Carol was extremely photogenic, and was asked to be a contestant on the game show Password, where she won further prizes. “She came off well on camera. She was flashy, tall, blond,” Paul said. “I remember the next door neighbor kid would always say, ‘Geez, you sure look pretty! Whoo!’ That was Monty Tresize, who later trained Navy Seals.”
After all of her children were old enough to cook and look after themselves, Carol went to college. She graduated Phi Kappa Phi from Sacramento State College with a Bachelor of Arts degree in psychology. Then she enrolled in California State University, Sacramento, where she earned a Master of Science in counseling.
Carol and Al began to grow apart, and separated in 1975. She had enrolled at the University of California, Berkeley to pursue a Ph.D. in psychology. “It was unusual for a woman like her to get a Ph.D. at that time,” Allyn said. “There were lots of women in the psychology field, but they were younger and not married. It was interesting for us kids because our friends moms weren’t working at all, let alone being a full-time student.”
After graduating, Carol began her clinical work in Sacramento. She started working with troubled children District as a school psychologist in the Sacramento Unified School District. “We never knew the stories of her successes, because she kept everything very confident,” Paul said. “I remember one child: her father attacked her mother with a knife.” Paul also remembers his mother field-testing the child emotional evaluation tests
Carol began writing a newsletter on educational legislation with a friend, Bill Rogers. Bill also worked within the school district. They became close, and married in 1979. Carol wanted to start her own family practice in San Francisco, so they moved into a house in Stinson Beach. Their marriage was brief, and Bill left Stinson in 1984.
After Carol found herself single again, she decided to do some traveling. She was at a psychology conference in Switzerland when she met and immediately fell in love with a Swedish businessman named Rolf Osterberg. Rolf was the head of Svinska, a major Swedish film studio, and owned one of Stockholm’s six daily newspapers.
Rolf and Carol were married in San Rafael in 1986, and they decided to split their time between West Marin and Stockholm. “They were the happiest years of Carol’s life, filled with great adventures in many countries around the world and intense philosophical discussions surrounding the forces of nature and power of the human spirit,” Allyn said.
Carol fell in love with Sweden. She adored its art, and became expert in different sculptors and artists. She didn’t speak Swedish, but Rolf was fluent in five languages. They stayed in an apartment in the city, and Rolf owned property on Vastrgarden, an island off the coast of Stockholm.

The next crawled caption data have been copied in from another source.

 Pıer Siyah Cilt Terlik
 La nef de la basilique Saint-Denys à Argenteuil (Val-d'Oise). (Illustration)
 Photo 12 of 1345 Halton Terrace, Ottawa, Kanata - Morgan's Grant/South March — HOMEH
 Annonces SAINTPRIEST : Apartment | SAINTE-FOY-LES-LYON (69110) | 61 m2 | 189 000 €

Vastrgarden had rolling hills rimmed by rock walls, set in the harsh but beautiful Baltic Sea.
“They did a lot of traveling—to New Zealand, Machu Picchu, Paris, Italy, Greece, Denmark, All over Europe, really,” Allyn said. “They shared families, homes, vacations, everything.”

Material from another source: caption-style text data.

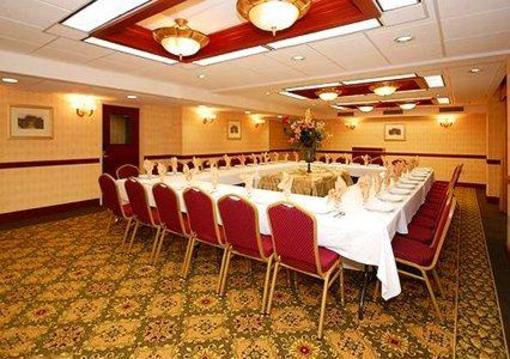фото отеля Clarion Hotel & Suites Hamden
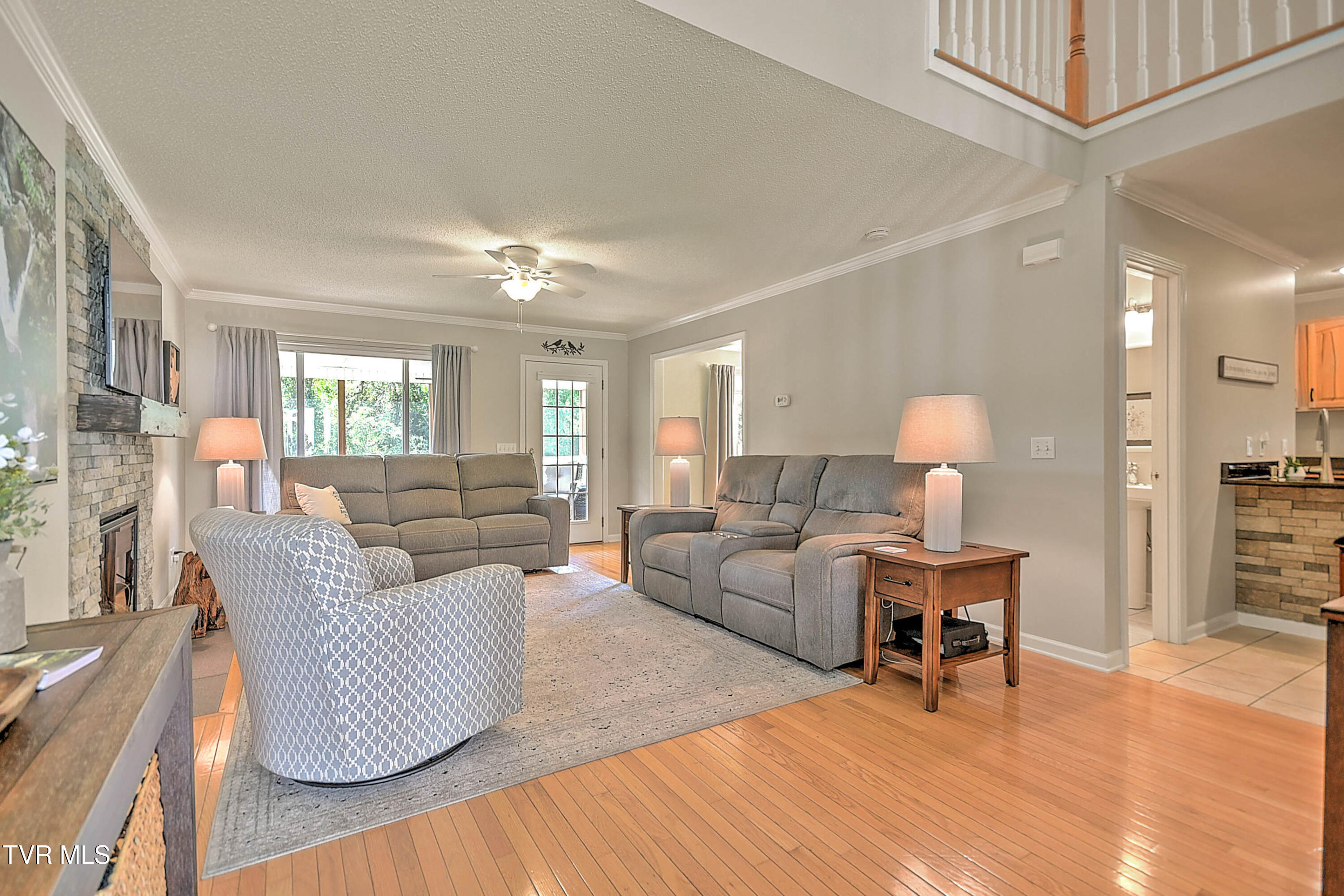 140 Robinson Walk, Unit B Bristol, TN 37620 - Photo 5 of 57 140 Robinson Walk GUnit-7
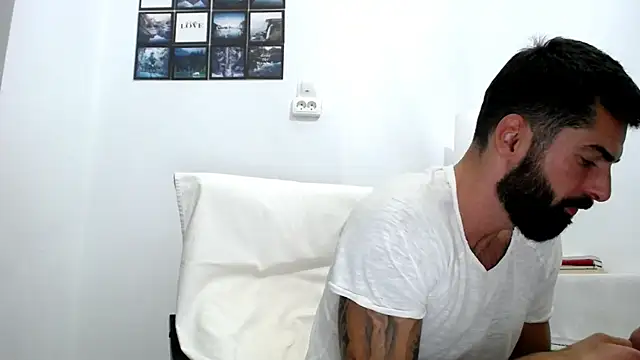 Snapshot of Verycutex chatting on 14, 10, 2025 Verycutex online show from 14, 10, 2025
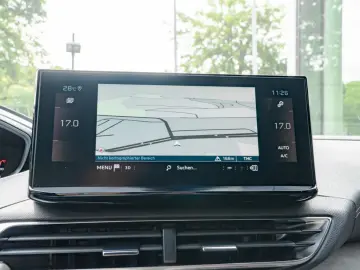 PEUGEOT 3008 1.2 GT SHZ KAMERA NAVI W-LAN ACC FACEL. LED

Carol’s family took to Rolf as well. Easter was an important family gathering for Carol, Rolf and the children. “Rolf would write an Easter story that would involve everyone, and we’d have to enact it,” Paul said. “I remember Mom climbing up on top of the old stone barbecue to read her part of the story, way up in the air. We’d tell our part of Rolf’s story, and give thanks.”
They had to move to Inverness in 2004 after the ownership of Carol’s home in Stinson Beach changed hands. They found a spot on Tomales Bay that she found suitable. “She refused to leave the area,” Allyn said. “She loved the ocean.”

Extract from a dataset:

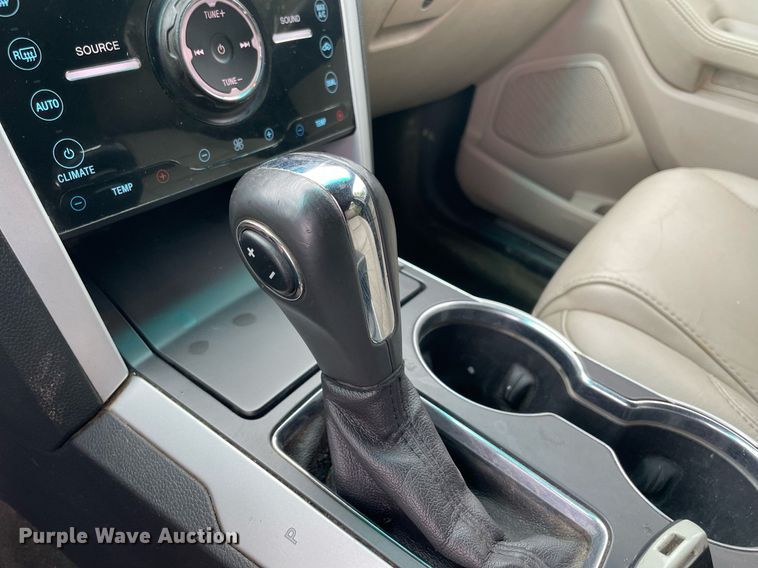 image for item MR9086 2015 Ford Explorer Limited  SUV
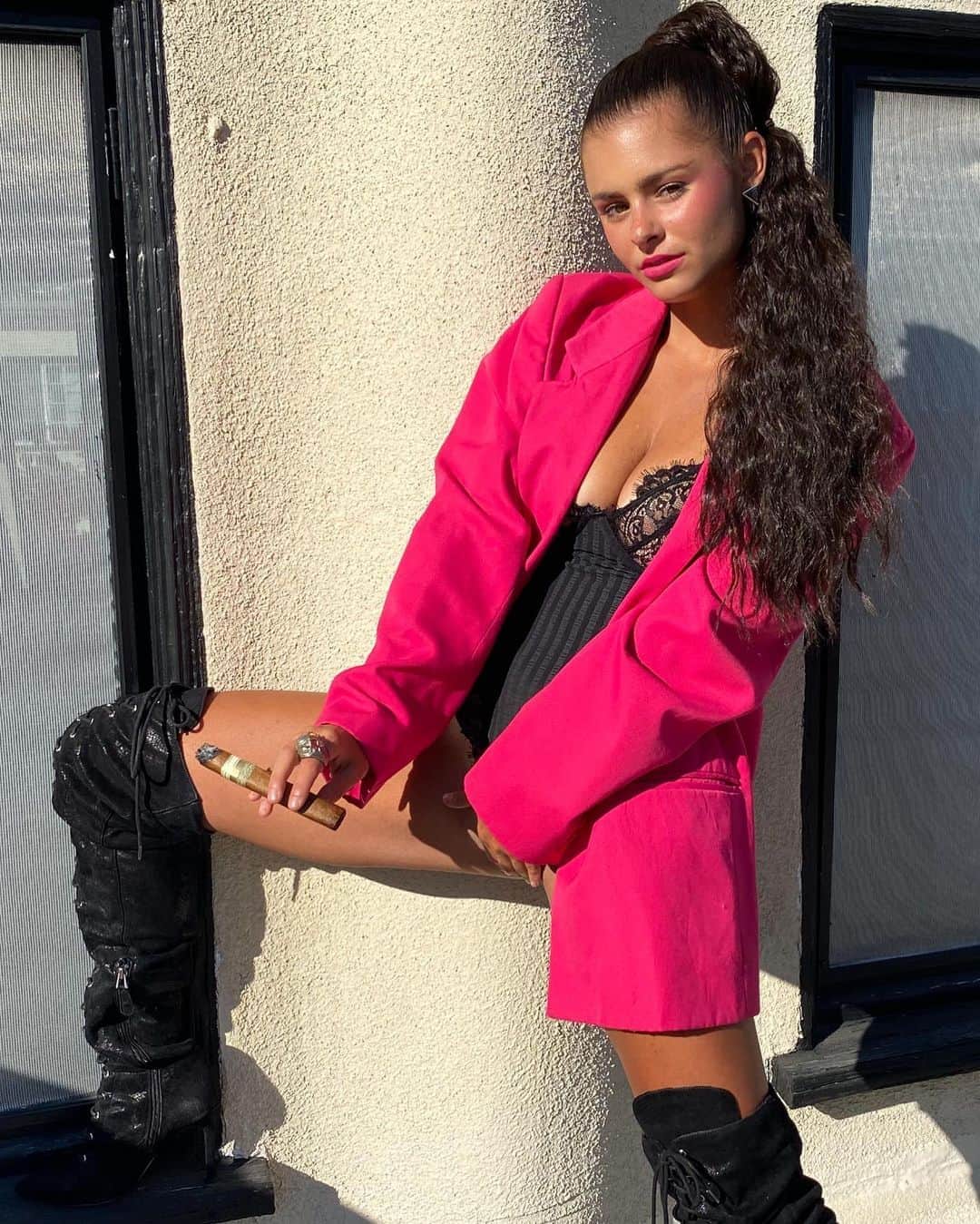 ジャッキー・リーのインスタグラム：「PSSY PWR 💥」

When Rolph died in 1996, Carol settled into a quiet life in West Marin. “She wasn’t into doing new things so much as her routine. Life was very simple for her at the later stages,” Paul said. “She liked going to art exhibits and showings, she had her bridge club and book club. She liked to cook and watch plants grow on her deck. She had a lot of friends, she had a very free spirit, and we’re going to miss her a lot.”